300 ml fresh squeezed lime juice
550 ml 100% Agave Tequila (see above)
150-200 ml Cointreau to the rim.

Enjoy!


----------



## jeffro (Oct 13, 2003)

Some great ideas. I'm getting thirsty. Anybody have experience with the Black Box tequila? Going to try it this weekend. At $21 for a 1.75 that makes a damn cheap hangover! Seems ideal for the river.


----------



## Eagle Mapper (Mar 24, 2008)

I have been drinking Silver Tequila, Mineral Water and Lime for a nice refreshing drink on a hot day.

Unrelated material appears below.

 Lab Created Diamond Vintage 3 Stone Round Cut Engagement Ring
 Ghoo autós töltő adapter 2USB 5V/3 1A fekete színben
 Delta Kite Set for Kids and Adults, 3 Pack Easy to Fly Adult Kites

I call it "River Water". Gotta stay hydrated!


----------



## MT4Runner (Apr 6, 2012)

Electric-Mayhem said:


> I like a good Mule too. Very refreshing and you can mix things up by using different ingredients. I'm a big fan of the Irish or Kentucky mule using Whiskey instead of Vodka. You could do this large batch as well.

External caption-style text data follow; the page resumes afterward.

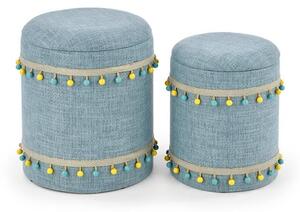 Set di Pouf imbottiti Grado azzurro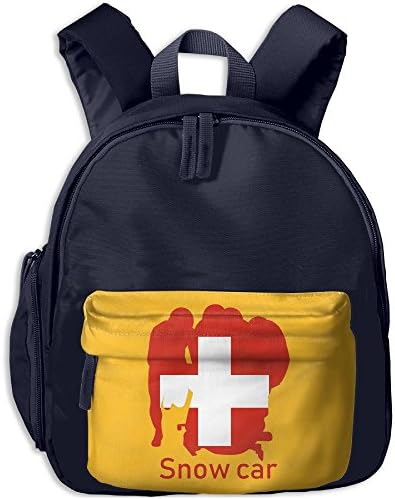 Snow Car Swiss Flag Boy Children Shoulder Bags Funny Lightweight Print School Backpacks Bookbags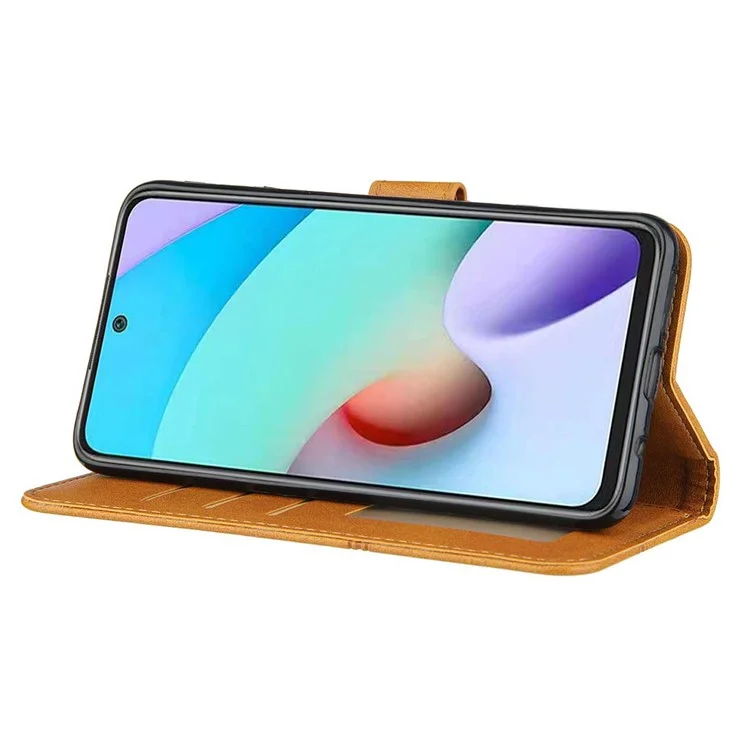 Lines Ammium PU PU Leder Brieftasche Ständer Flip Protective Phone Hülle Mit Handgelenkriemen Für Xiaomi Redmi Note 11 4G (mediatek)/10 4G (2021)/10 2022 4G/10 Prime - Gelb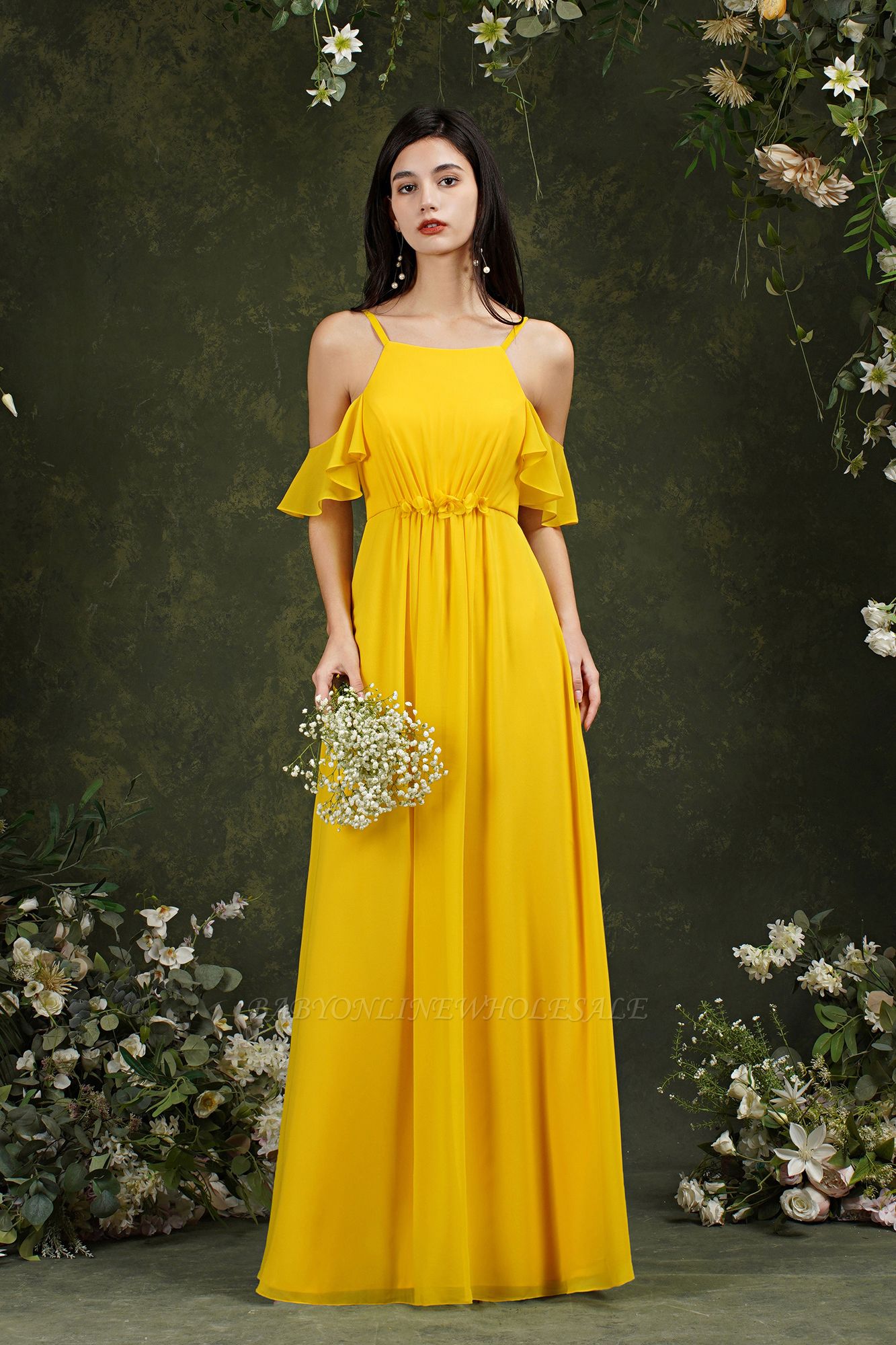 Wunderschönes, gelbes, schulterfreies Brautjungfernkleid aus Chiffon in A-Linie mit Taschen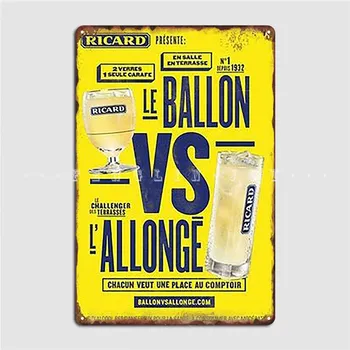 Ricard In Le Ballon Vs L Allonge Metalen Plaquette Poster Aangepaste Muur Pub Decor Muur Grot Pub Tin Sign Posters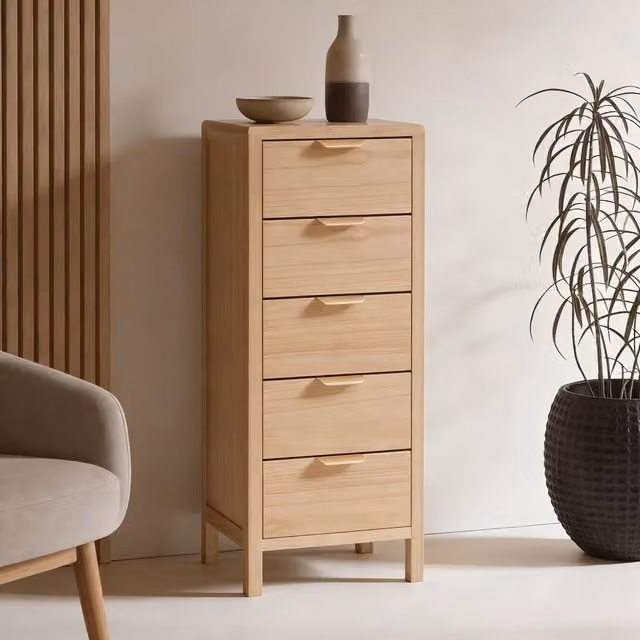 Home Source Freestanding Modern Wood and Metal Storage Unit in Brown and Beige, Height: 93 cm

Try gin + ginger beer, especially if you have a good spicy/gingery ginger beer. Bridger Brewing in Bozeman has one that is excellent, we buy it by the growler.


I also recently got hooked on 1 part light or gold rum, 1 part dark rum (Gosling's is way better than Myer's) and 2-3 parts ginger beer. Like a dark 'n stormy but the light rum sweetens it up a bit.


----------



## jeffro (Oct 13, 2003)

Eagle Mapper said:


> I have been drinking Silver Tequila, Mineral Water and Lime for a nice refreshing drink on a hot day. I call it "River Water". Gotta stay hydrated!

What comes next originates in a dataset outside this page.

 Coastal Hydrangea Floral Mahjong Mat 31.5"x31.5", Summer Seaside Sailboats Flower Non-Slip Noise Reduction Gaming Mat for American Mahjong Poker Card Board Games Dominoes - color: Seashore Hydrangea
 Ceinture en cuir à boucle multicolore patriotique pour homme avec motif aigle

I drink that at home and call it ranch water. Tell the SO the same line on hydrating too.


----------



## MontanaLaz (Feb 15, 2018)

Bourbon of choice and Ginger Ale with a fresh lime


----------



## villagelightsmith (Feb 17, 2016)

Jeremiah Weed. The Air Force pilot's drink. Rough. Tastes like turpentine, napalm and jet fuel, but nobody will bother you to drink your booze. It's ... "an acquired taste."


----------



## smhoeher (Jun 14, 2015)

Good rum is my choice, with equal amounts of OJ and tonic with an orange slice or lime wedge.


----------



## LSB (Mar 23, 2004)

The Recipe (thats what I call it)
Make ahead of time and bring it in an entertaining vessel. ( I used the prep jug from my colonoscopy last time, before that I used a signature gas can) 
Prep
Juice a bag of lemons and slice up some of the rinds to make twists for garnish
Mix the amount of juice you get with equal parts of simple syrup and whiskey
It should make around a gallon. You can top it with water, if you tend to be a lightweight
Serve
as a shooter or mix in seltzer on the rocks with a twist


----------



## [email protected] (Jun 1, 2010)

one part sprite, 4 parts simply lemonade light, 2 parts Jack Daniels. Glass of ice "enjoy".
A layover breakfast without a Bloody Mary bar shows a lack of respect for the river.


----------



## NoCo (Jul 21, 2009)

Lemonade and vodka is a staple. Cheap beer. Maybe a Moscow mule in my vacuum insulated non yeti cup to keep it ice cold.


----------



## rtsideup (Mar 29, 2009)

Regardless of your beverage choice, this is the single best purchase that a drinker can own. From coffee in the morning to keeping your beer ice cold from first sip to the last to cocktail tumbler. The best 800 pennies you've ever spent, or my name isn't Nathan Arizona.


----------



## rtsideup (Mar 29, 2009)

https://www.walmart.com/ip/Ozark-Tr...-Steel-Can-Cooler-with-Metal-Gasket/939317476


----------



## matt man (Dec 23, 2011)

Don’t know if anyone mentioned yet, cause I’m to dam lazy to read through the whole thread right now, but a Colorado Bull Dog, is pretty dam tasty.
Chocolate milk, coke, Irish cream, and vodka ( basically a White Russian with coke, hmm, a coked up Russian?...)


----------



## noahfecks (Jun 14, 2008)

Similar to something someone else mentioned


Simply Lemonade, raspberry lemonade mixed 1:1 with SoCo over lots of ice, you can thank me later.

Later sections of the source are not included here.